## Work order
Below are the records; copy every line in them that holds the string "mirror".

## Given records
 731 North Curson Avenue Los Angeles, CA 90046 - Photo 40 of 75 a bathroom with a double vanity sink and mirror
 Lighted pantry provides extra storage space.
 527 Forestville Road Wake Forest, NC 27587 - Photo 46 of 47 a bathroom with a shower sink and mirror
...
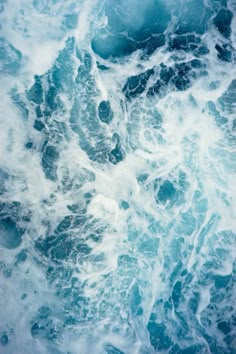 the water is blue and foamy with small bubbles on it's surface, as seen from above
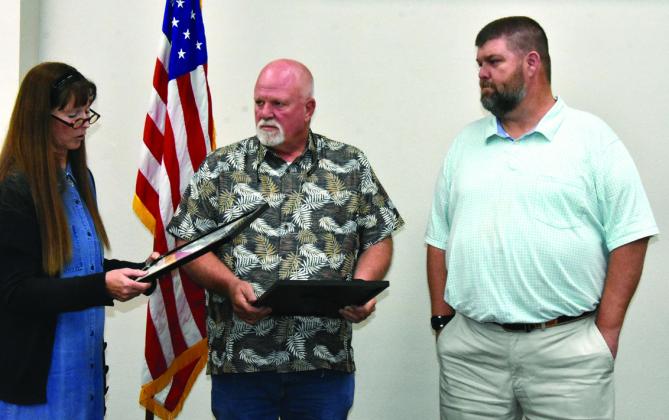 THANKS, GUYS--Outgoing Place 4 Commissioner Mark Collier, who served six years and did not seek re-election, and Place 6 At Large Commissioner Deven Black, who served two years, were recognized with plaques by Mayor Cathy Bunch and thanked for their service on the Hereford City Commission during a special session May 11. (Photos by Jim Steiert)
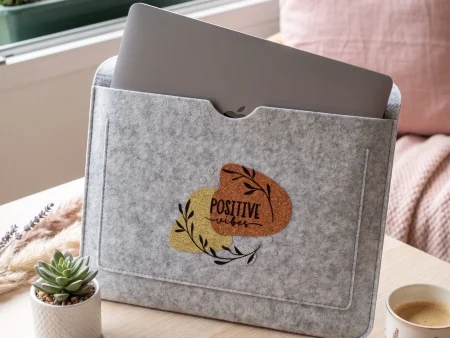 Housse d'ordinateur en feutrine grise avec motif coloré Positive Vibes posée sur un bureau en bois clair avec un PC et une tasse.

## Problem solution
 731 North Curson Avenue Los Angeles, CA 90046 - Photo 40 of 75 a bathroom with a double vanity sink and mirror
 527 Forestville Road Wake Forest, NC 27587 - Photo 46 of 47 a bathroom with a shower sink and mirror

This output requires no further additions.